Earlier this year, CarbonLite, an HPC Company, which calls itself one of the world's largest recyclers of plastic beverage bottles, announced plans to build a bottle-to-bottle recycling plant in Abilene, TX, which is about 150 miles west of Fort Worth. The facility is scheduled to begin production in late 2014, and will process used plastic beverage bottles into food-grade raw material to make into new bottles.
The facility will employ around 100 people who will operate the $40 million processing plant. The plant will process around 1.6 billion used bottles (80 million pounds) annually.
CarbonLite opened its first plant in Riverside, CA in 2011 and it now supplies to beverage brands, including PepsiCo and Nestlé Waters North America. The plant processes more than two billion used plastic bottles annually.

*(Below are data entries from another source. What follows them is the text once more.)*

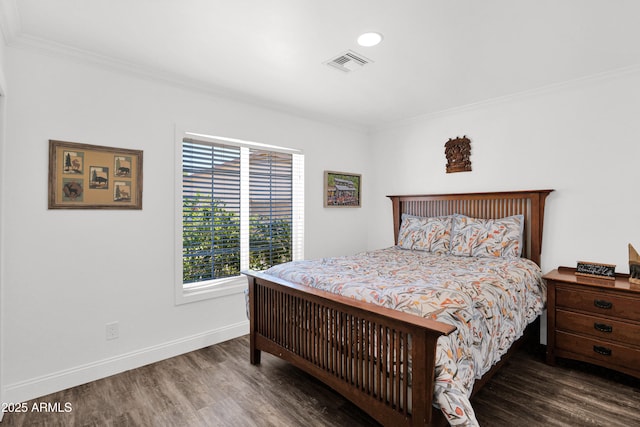 2607 E Mercer Ln, Phoenix, AZ 85028 - bedroom with crown molding, wood finished floors, and recessed lighting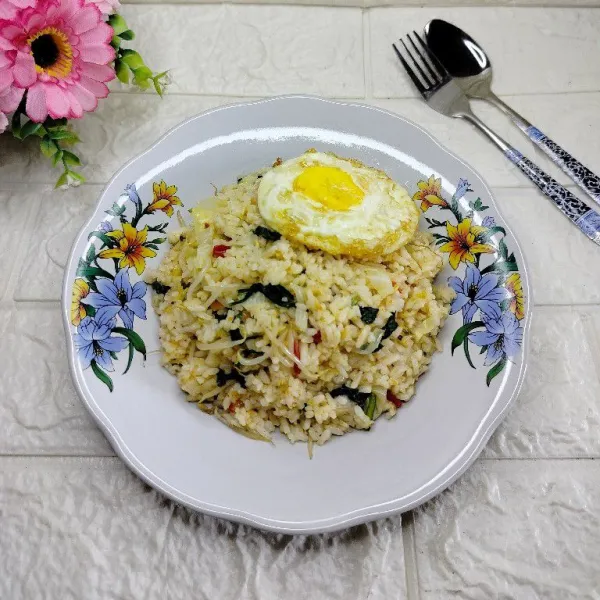 Tuang nasi goreng ke dalam piring, sajikan dengan telur ceplok.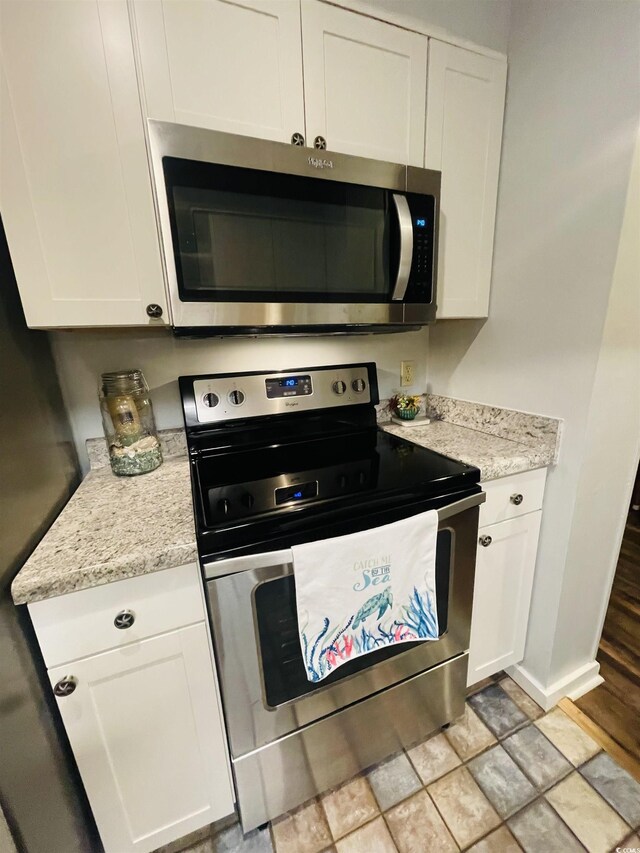 kitchen featuring stainless steel appliances, white cabinets, and light stone countertops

CarbonLite provides the recycled plastic for Nestlé Waters half-liter Arrowhead ReBorn water bottles made with 50% recycled content. Nestle uses 50% to 100% of post-consumer material in their product lines in California and plans to follow the same path in Texas, Leon Farahnik, chairman and CEO of CarbonLite Recycling, told PlasticsToday.
But that raises the question - why build such a large plant in Texas? After all, reports claim the recycling rate in Texas is at about 18%, compared to California at 65%.
"We felt that Texas had a great potential for the use of post-consumer recycled material, plus the location puts us close to our main customer in the state," he said.
In fact, one of CarbonLite's biggest customers in Texas will be Nestlé Waters North America for its Ozarka brand spring water. Founded in 1905, Ozarka is bottled in Texas.
"We are firm believers in the cradle-to-cradle philosophy," he said. "PET bottles can be recycled infinitely to become new bottles over and over again, and there is a great potential for growth of this environmentally beneficial practice in Texas."
The City of Abilene reportedly encouraged CarbonLite to locate the new plant in the Five Points Business Park in Abilene.
"We've had a very successful history with Leon Farahnik, the chairman and CEO of CarbonLite, and we're pleased to welcome him back into our business community," said Richard Burdine, CEO of Develop Abilene, in a news release. "This is going to be a world class facility and it will bring 100 new jobs, from semi-skilled to highly skilled...best of all they'll be green jobs. Abilene will be truly on the recycling map."
As of now, there is no national law that mandates recycling so it comes down to the state and local governments to introduce recycling requirements. The U.S. PET recycling rates are around 30% and while there's much debate about how to increase the rates, Farahnik believes it will most likely come down to bottle bills (container deposit laws) across the country, plus requirements to use post-consumer content.
He said as recycling rates increase nationally, the company will add more facilities over the next five years.
"Consumers demand that companies be accountable, work toward sustainability, and be good environmental stewards," Farahnik said. "Surveys have shown that consumers overwhelmingly will switch brands based on a strong association with a good cause."